#### Action item
Copy, from the material below, each line where "Casa" shows up.

#### Data for the task
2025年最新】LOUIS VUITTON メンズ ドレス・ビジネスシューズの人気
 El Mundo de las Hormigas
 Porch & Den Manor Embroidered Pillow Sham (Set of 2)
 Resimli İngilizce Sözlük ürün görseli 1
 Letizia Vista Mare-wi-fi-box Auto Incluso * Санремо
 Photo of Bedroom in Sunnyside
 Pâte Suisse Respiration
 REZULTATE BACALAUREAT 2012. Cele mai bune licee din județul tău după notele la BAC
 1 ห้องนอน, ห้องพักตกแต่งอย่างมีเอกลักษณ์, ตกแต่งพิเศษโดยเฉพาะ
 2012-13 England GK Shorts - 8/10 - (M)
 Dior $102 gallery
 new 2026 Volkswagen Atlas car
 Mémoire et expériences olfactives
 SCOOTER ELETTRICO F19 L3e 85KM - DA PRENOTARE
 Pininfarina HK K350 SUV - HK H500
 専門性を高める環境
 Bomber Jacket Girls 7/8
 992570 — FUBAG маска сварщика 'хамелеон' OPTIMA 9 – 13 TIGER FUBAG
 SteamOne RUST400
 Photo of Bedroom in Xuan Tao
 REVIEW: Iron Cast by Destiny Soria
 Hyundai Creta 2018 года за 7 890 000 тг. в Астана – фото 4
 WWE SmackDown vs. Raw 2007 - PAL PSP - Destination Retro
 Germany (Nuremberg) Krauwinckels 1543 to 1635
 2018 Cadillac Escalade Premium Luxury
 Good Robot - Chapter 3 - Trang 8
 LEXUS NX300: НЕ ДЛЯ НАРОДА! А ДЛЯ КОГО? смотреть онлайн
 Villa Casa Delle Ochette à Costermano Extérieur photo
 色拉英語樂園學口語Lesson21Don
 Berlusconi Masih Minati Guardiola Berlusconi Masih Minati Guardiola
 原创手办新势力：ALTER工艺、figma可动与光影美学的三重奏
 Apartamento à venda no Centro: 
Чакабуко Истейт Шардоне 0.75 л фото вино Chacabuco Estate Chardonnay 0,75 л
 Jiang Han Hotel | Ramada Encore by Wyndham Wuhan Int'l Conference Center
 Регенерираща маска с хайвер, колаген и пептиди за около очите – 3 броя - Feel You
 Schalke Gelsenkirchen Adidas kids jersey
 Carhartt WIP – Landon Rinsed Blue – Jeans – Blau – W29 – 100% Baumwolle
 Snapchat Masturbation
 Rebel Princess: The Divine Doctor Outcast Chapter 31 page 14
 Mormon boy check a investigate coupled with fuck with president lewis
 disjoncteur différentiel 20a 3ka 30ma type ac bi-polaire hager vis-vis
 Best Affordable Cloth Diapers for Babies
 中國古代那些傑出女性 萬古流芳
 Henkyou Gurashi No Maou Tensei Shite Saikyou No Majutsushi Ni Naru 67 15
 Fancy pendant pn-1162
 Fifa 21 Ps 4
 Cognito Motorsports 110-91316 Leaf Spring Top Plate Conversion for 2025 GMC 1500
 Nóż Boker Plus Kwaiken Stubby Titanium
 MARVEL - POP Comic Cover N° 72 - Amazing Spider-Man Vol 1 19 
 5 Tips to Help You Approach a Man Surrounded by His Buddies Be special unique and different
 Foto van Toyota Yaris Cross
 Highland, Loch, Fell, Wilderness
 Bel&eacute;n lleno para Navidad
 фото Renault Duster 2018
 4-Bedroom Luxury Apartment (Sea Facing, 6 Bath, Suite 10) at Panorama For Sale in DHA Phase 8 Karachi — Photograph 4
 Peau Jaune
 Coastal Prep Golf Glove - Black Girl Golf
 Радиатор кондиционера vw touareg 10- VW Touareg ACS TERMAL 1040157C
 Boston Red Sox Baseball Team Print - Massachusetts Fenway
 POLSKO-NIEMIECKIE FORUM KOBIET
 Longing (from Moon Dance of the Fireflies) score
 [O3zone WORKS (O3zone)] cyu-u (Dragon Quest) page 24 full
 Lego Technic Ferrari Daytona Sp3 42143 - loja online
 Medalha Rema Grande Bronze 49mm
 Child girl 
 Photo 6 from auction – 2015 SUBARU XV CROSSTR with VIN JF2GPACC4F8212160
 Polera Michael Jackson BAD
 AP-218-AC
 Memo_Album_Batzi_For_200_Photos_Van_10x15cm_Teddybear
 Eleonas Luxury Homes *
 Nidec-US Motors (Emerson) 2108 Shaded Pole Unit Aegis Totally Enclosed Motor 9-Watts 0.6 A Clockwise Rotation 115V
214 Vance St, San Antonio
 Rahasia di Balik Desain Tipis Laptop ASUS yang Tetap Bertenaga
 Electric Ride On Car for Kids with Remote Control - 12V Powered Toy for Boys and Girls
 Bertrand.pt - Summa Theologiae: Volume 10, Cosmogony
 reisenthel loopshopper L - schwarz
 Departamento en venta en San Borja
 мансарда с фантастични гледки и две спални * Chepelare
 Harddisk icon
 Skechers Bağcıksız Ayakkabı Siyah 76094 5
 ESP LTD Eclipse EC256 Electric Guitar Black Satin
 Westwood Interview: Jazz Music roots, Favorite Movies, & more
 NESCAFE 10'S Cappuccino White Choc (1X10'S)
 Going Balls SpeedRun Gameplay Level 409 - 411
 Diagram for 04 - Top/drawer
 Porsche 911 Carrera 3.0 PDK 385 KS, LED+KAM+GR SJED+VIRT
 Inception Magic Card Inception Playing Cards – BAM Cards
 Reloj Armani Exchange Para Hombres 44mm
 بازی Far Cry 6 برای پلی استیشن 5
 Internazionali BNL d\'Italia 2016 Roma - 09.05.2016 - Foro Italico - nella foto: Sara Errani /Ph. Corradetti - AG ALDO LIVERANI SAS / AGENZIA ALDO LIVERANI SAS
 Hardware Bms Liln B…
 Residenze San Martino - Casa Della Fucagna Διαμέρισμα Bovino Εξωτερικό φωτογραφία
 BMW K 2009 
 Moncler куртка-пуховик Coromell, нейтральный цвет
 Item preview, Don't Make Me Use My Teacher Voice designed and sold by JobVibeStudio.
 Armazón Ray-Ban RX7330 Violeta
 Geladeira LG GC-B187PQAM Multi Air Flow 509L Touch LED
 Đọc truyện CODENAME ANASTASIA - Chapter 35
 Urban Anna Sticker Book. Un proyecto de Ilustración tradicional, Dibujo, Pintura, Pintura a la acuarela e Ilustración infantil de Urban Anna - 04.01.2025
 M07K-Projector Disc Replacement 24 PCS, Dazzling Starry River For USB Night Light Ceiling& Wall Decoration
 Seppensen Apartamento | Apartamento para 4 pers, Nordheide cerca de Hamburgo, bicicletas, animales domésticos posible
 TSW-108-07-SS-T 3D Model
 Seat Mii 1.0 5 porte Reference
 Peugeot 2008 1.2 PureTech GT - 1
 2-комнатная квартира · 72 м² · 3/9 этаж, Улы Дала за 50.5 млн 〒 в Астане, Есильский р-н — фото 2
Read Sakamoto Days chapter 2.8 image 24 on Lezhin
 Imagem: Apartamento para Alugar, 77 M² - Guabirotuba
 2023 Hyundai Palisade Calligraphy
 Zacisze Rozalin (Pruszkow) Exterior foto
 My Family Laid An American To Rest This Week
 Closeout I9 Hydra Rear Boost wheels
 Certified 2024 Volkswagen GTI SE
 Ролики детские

#### Result of this task
 Villa Casa Delle Ochette à Costermano Extérieur photo
 Residenze San Martino - Casa Della Fucagna Διαμέρισμα Bovino Εξωτερικό φωτογραφία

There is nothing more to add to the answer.